### YOUR GOAL
Repeat nothing but the lines below running from the one containing "来自巴塞罗那的艾玛月季" to the one containing "Kayısının inanılmaz faydası". Keep both end lines.

### PROVIDED MATERIAL
........

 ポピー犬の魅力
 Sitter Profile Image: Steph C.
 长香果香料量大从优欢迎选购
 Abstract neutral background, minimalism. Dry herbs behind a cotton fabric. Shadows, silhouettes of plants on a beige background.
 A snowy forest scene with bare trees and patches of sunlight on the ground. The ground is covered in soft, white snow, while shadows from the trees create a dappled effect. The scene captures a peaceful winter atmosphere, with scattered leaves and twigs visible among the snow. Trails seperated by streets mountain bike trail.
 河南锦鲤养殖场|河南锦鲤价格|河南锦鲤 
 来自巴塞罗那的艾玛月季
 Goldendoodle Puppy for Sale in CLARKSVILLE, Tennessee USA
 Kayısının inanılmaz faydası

........

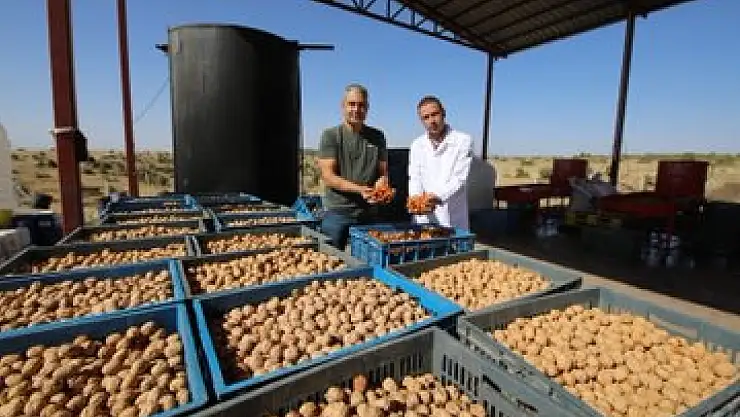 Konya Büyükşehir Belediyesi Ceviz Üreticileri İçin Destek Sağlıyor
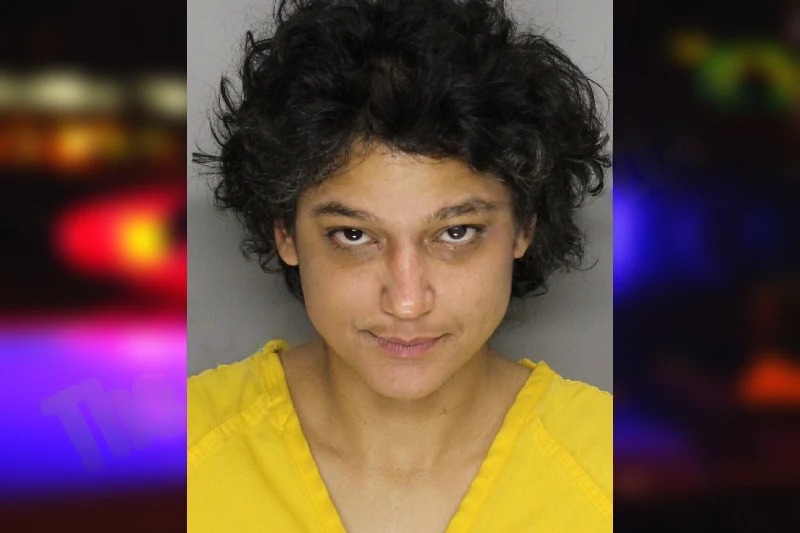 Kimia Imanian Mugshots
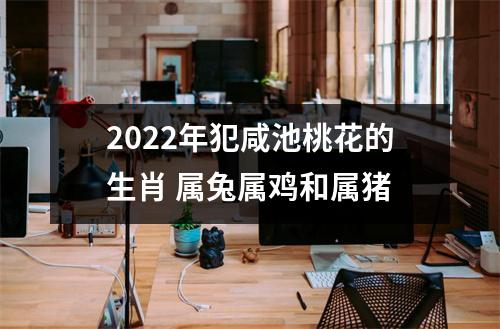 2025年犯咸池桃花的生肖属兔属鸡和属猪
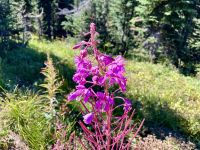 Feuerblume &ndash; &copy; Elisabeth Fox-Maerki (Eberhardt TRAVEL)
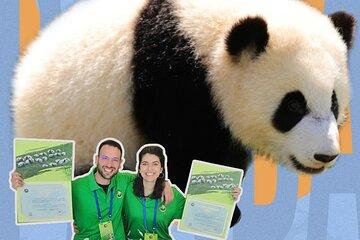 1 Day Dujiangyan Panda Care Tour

........

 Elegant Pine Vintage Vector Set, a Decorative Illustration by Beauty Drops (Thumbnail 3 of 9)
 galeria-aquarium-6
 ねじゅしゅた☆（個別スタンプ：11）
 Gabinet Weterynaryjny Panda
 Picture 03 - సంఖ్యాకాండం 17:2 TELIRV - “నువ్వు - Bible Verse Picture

........

### EXERCISE ANSWER
 来自巴塞罗那的艾玛月季
 Goldendoodle Puppy for Sale in CLARKSVILLE, Tennessee USA
 Kayısının inanılmaz faydası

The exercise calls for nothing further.